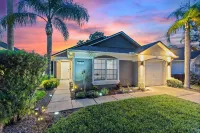 Luxurious 3Br/2BA: Private Heated Pool , Golf Views , Near Disney  & Legoland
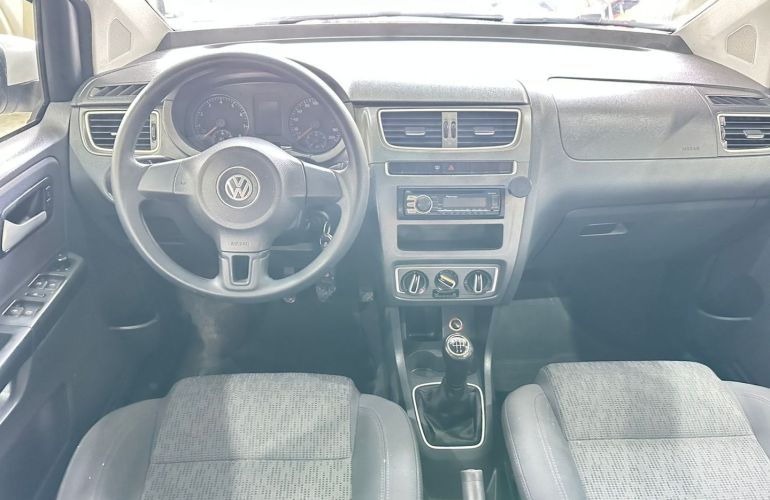 Volkswagen Fox 1.0 Mi 8V Flex 4p Manual - Foto #9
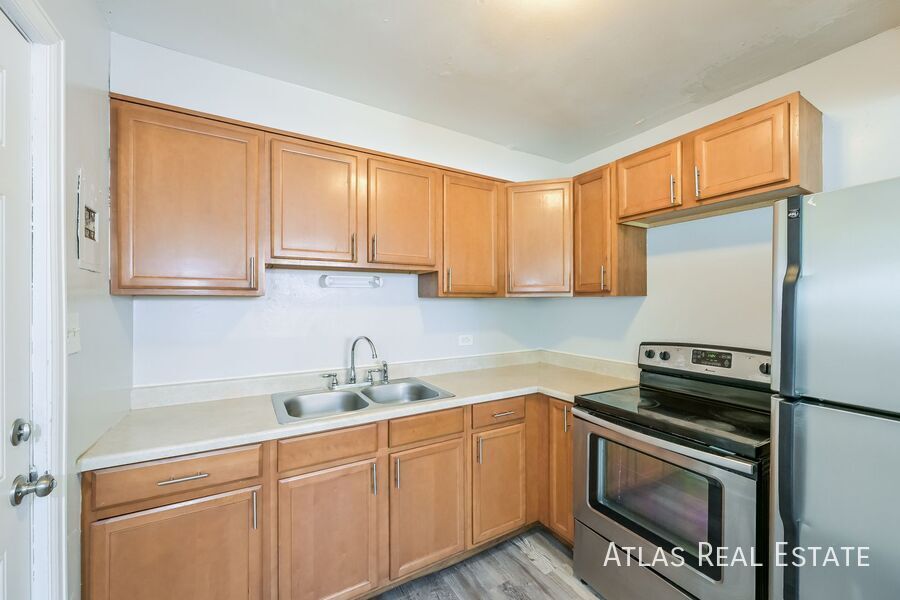 1865 W MOSIER PL
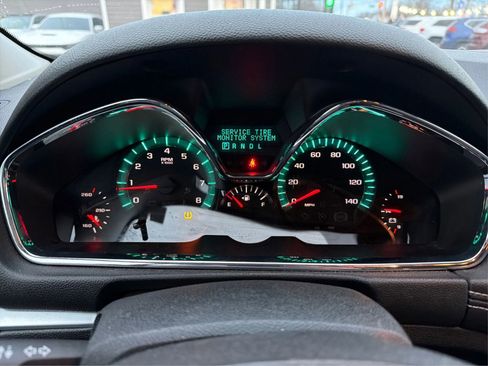 Used 2017 Chevrolet Traverse LT image 21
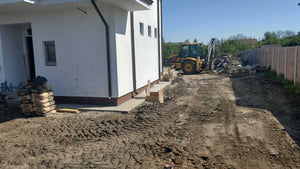 Constructie gard beton si lemn pentru casa metalica thumbnail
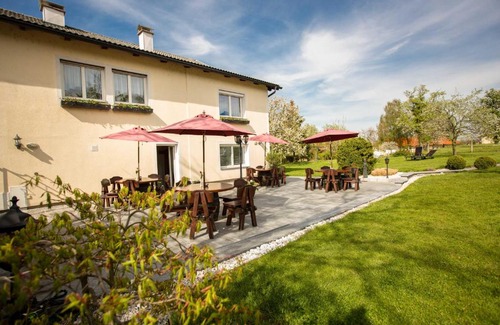 Schoerfling am Attersee Bed & Breakfast | Pension Knoll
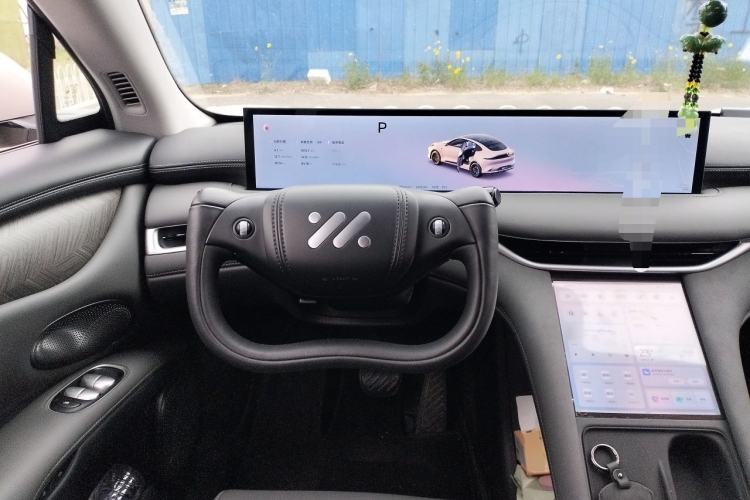 Used IM LS6 2025 Lingxi Intelligent Driving Edition Steering Wheel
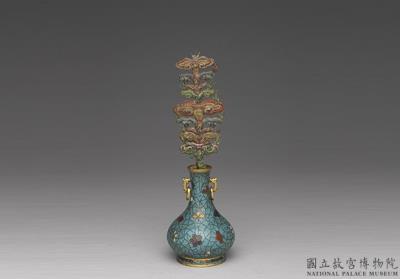 图片[2]-Vase from the set of five altar pieces with plum-blossom decoration in cloisonne enamels, Qing dynasty, Kangxi reign (1662-1722)-China Archive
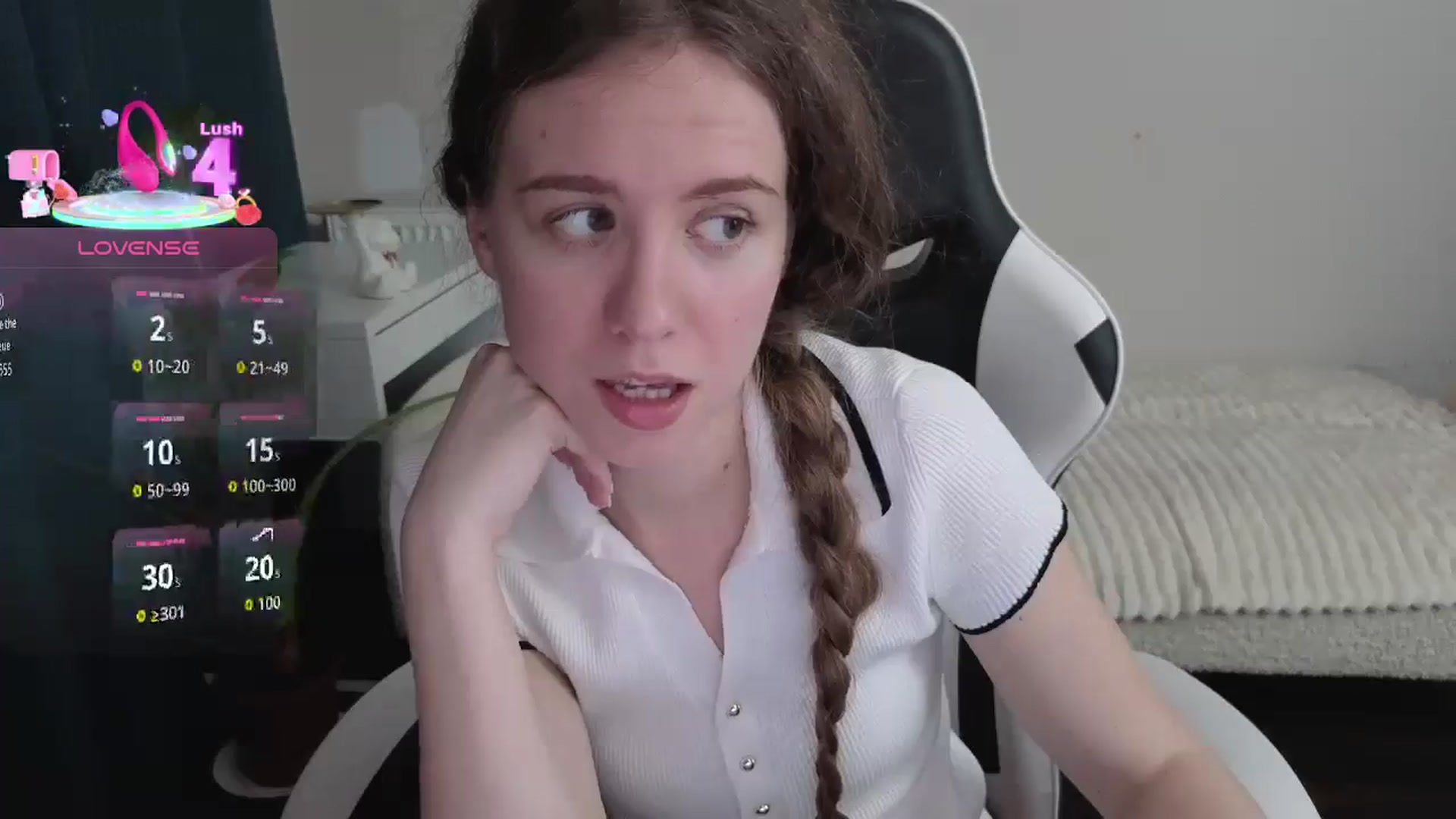 Gallery image thumbnail from BlueFlowerr's myfreecams stream on, 12/22/2025, 17:59 image 13 of 20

■ **Exercise directions**
Everything in the material except the pictures should be restated word for word.

■ **Task result**
 Luxurious 3Br/2BA: Private Heated Pool , Golf Views , Near Disney  & Legoland
 Volkswagen Fox 1.0 Mi 8V Flex 4p Manual - Foto #9
 1865 W MOSIER PL
 Used 2017 Chevrolet Traverse LT image 21
 Constructie gard beton si lemn pentru casa metalica thumbnail
 Schoerfling am Attersee Bed & Breakfast | Pension Knoll
 Used IM LS6 2025 Lingxi Intelligent Driving Edition Steering Wheel
 图片[2]-Vase from the set of five altar pieces with plum-blossom decoration in cloisonne enamels, Qing dynasty, Kangxi reign (1662-1722)-China Archive
 Gallery image thumbnail from BlueFlowerr's myfreecams stream on, 12/22/2025, 17:59 image 13 of 20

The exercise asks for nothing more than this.